--- TASK STATEMENT ---
Write out the records below exactly as they appear, skipping each picture.

--- RECORDS TO PROCESS ---

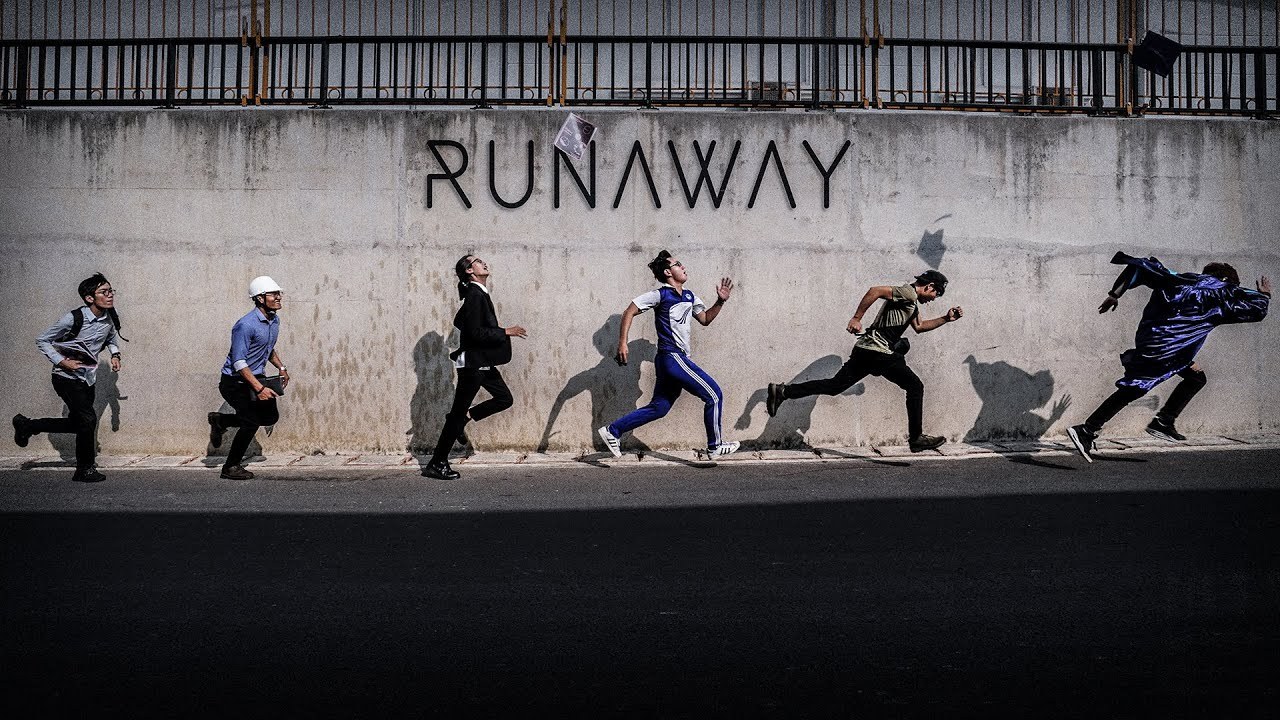 Runaway (Những kẻ trốn chạy)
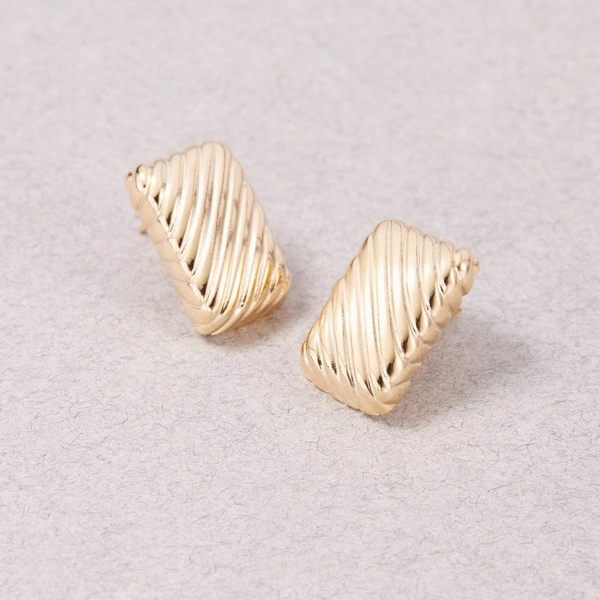 Żłobione pozłacane kolczyki z zapięciami typu wkrętki. PRALINKI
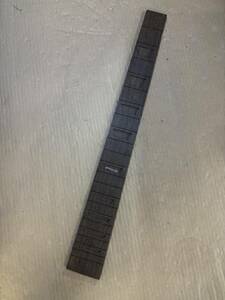 Y2738 エレキギター ローズウッド 指板材 1P 未使用品 未完成品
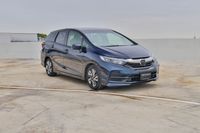 honda-shuttle-hybrid-15a-car-choice-singapore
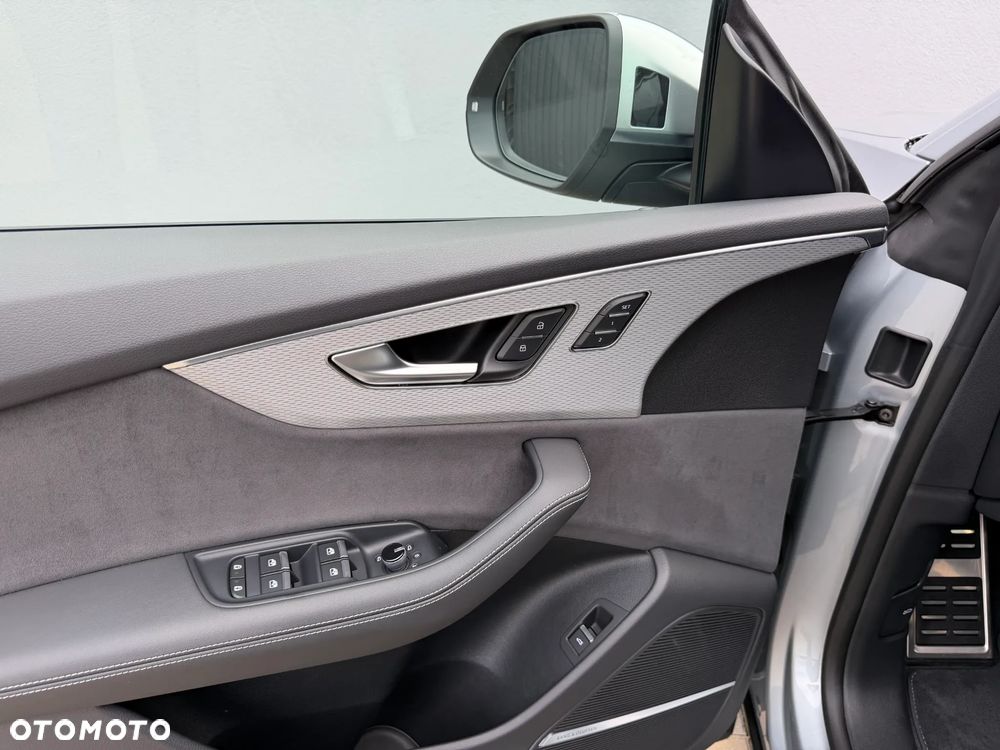 Audi SQ8 - 25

--- YOUR SOLUTION ---
 Runaway (Những kẻ trốn chạy)
 Żłobione pozłacane kolczyki z zapięciami typu wkrętki. PRALINKI
 Y2738 エレキギター ローズウッド 指板材 1P 未使用品 未完成品
 honda-shuttle-hybrid-15a-car-choice-singapore
 Audi SQ8 - 25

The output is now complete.